Work instructions
Please write out exactly the line containing "Mèo Sữa Vani" below and every line after it, through the last one, but leave out any pictures.

Material provided

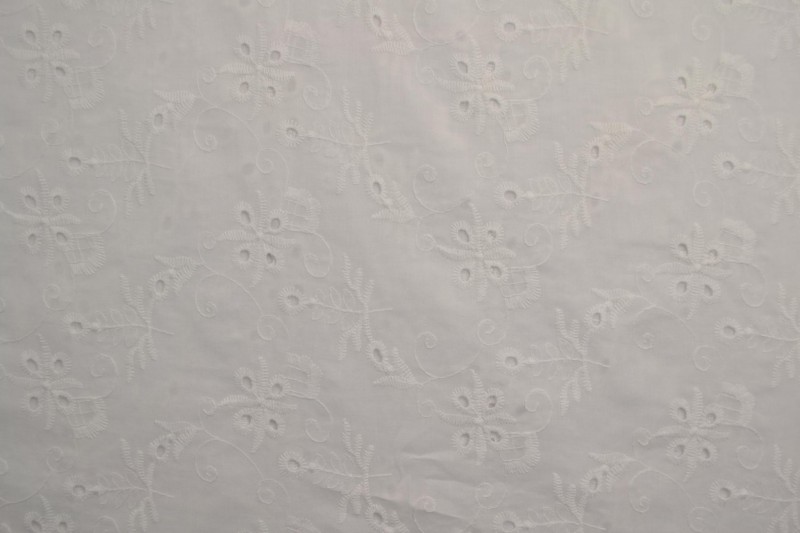 Katoen broderie wit (patroon white 01)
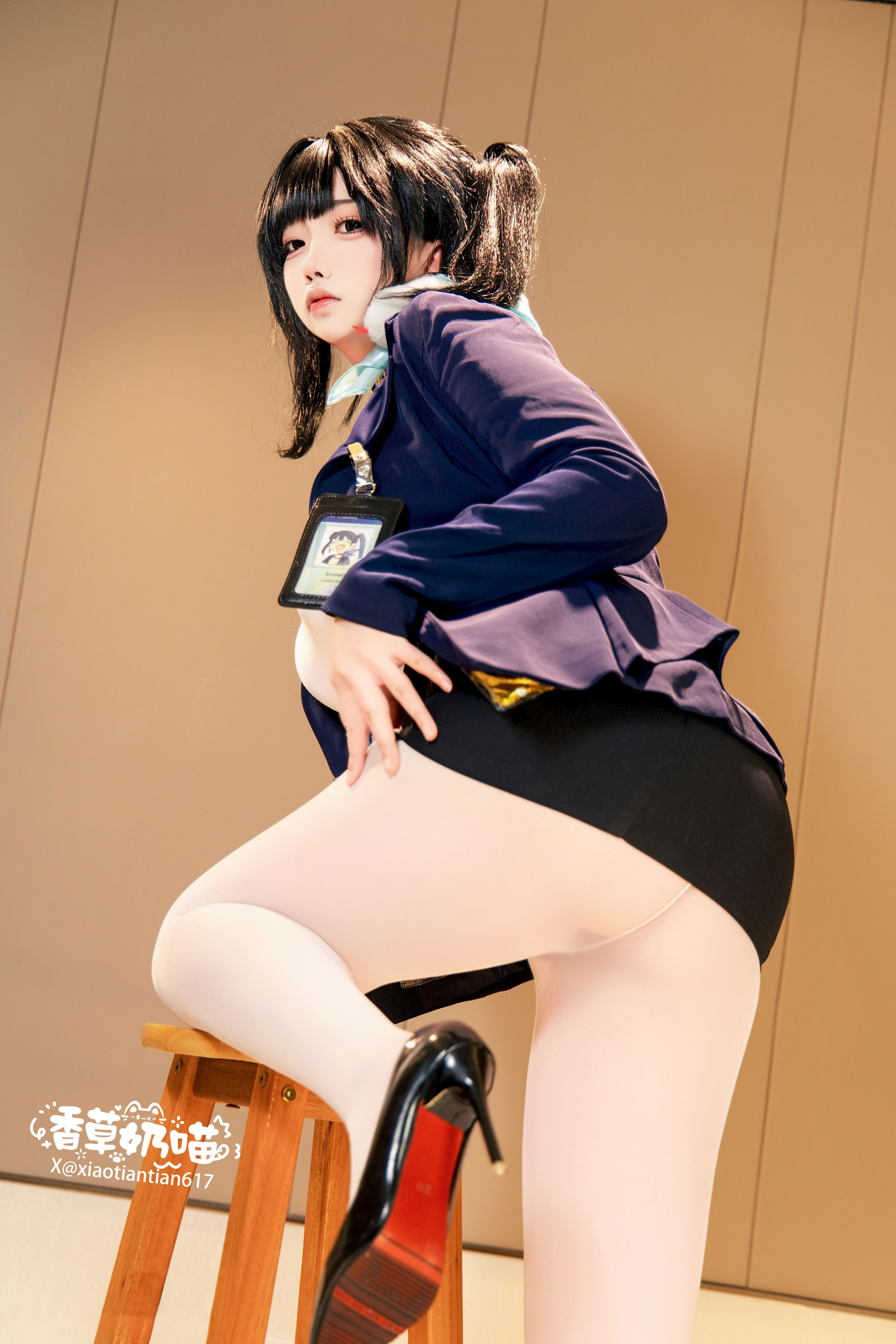 Mèo Sữa Vani - Nữ thần chiến thắng: Nikki Sola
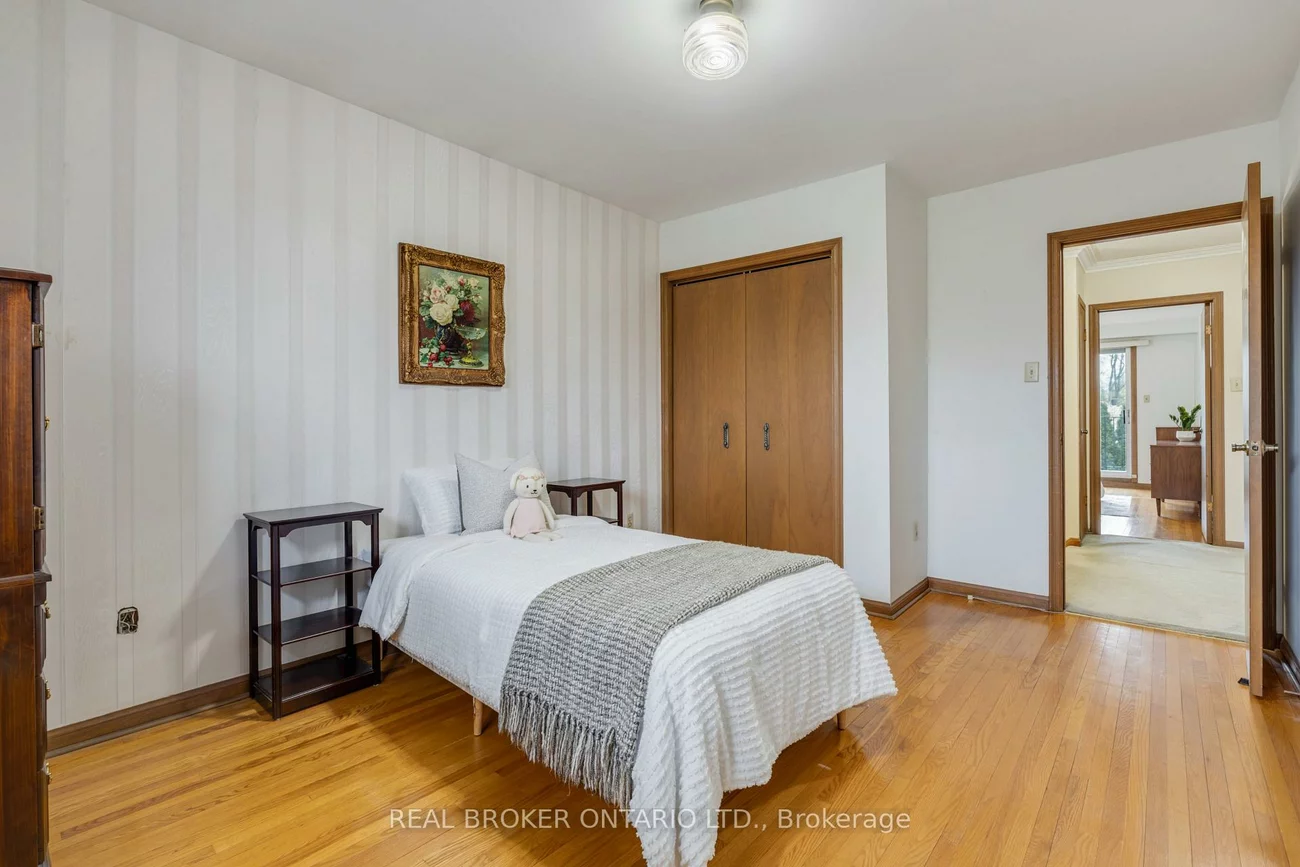 56A, Treeview, Alderwood, Toronto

Output below
 Mèo Sữa Vani - Nữ thần chiến thắng: Nikki Sola
 56A, Treeview, Alderwood, Toronto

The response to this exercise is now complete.